SCOTUS Returns Oklahoma’s Right to Prosecute Crimes on Native American Land
The Supreme Court ruled in favor of the state of Oklahoma Wednesday, in a case that weighed whether a state can prosecute crimes committed by non-Native Americans against Native Americans on reservation land.
Oklahoma v. Castro-Huerta involved a non-Native American defendant Victor Manuel Castro-Huerta, who admitted to “severely” undernourishing his 5 year-old stepdaughter, a Cherokee citizen. The state charged Castro-Huerta and his wife for child neglect. Castro-Huerta’s sentence was 35 years in prison with a possibility of parole.
While Castro-Huerta was appealing his case, a 2020 decision of the high court came in the case of Oklahoma v.

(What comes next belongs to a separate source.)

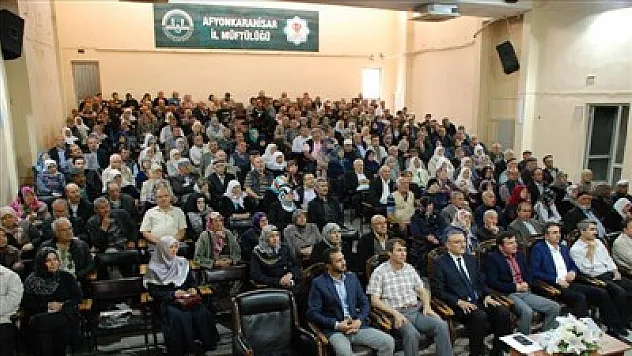 Hac yolcularına eğitim semineri düzenlendi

McGirt, which turned nearly half the state into Native American land and limited the state’s ability to prosecute crimes, handing that power over to federal authorities.
“Under the Court’s precedents, as we will explain, a State’s jurisdiction in Indian country may be preempted (i) by federal law under ordinary principles of federal preemption, or (ii) when the exercise of state jurisdiction would unlawfully infringe on tribal self-government,” Supreme Court Justice Brett Kavanaugh wrote in Wednesday’s 5-4 opinion.
“To be clear, the Court today holds that Indian country within a State’s territory is part of a State, not separate from a State. Therefore, a State has jurisdiction to prosecute crimes committed in Indian country unless state jurisdiction is preempted,” Kavanaugh added.
Oklahoma Gov. Kevin Stitt celebrated the decision, calling it a “clear victory for all four million Oklahomans, the state of Oklahoma, and the rule of law,” in a statement shared with The Daily Caller News Foundation.
“This is a pivotal moment. For two years, as a fourth generation Oklahoman, member of the Cherokees, and Governor of the state of Oklahoma, I have been fighting for equal protection under the law for all citizens. Today our efforts proved worthwhile and the Court upheld that Indian country is part of a State, not separate from it. I look forward to working with leaders across the state to join our efforts in combatting the criminal-justice crisis in Oklahoma following McGirt,” Stitt said.
The McGirt decision meant that the entire eastern portion of Oklahoma would be considered “Indian country,” where the state lacked the authority to prosecute crimes committed by non-Native Americans against Native Americans on Native American land. But the federal authorities that would then prosecute those crimes only pursued the most severe cases, according to officials who previously spoke with TheDCNF.
“The FBI is not prosecuting car thefts and burglaries, any kind of drugs, DUIs,” Oklahoma Gov. Kevin Stitt previously told TheDCNF on the steps of the Supreme Court after the state presented arguments in Oklahoma v. Castro-Huerta in April.
NEW: I spoke with Oklahoma @GovStitt about the state's appeal at #SCOTUS today in a case regarding tribal sovereignty. We discussed the issue as it relates to crime on tribal reservations. Here's what he had to say: pic.twitter.com/5M2OnrliXp
— Jennie Taer (@JennieSTaer) April 27, 2022
FBI Oklahoma City Spokesperson Connor Hagan previously told TheDCNF that the FBI had an overwhelming number of cases it had to handle after the McGirt decision.
“This drastic increase in FBI jurisdiction poses significant and long-term operational and public safety risks given the challenges associated with the increased number of violent criminal cases now under federal jurisdiction within Oklahoma’s Indian Country territory,” Hagan said.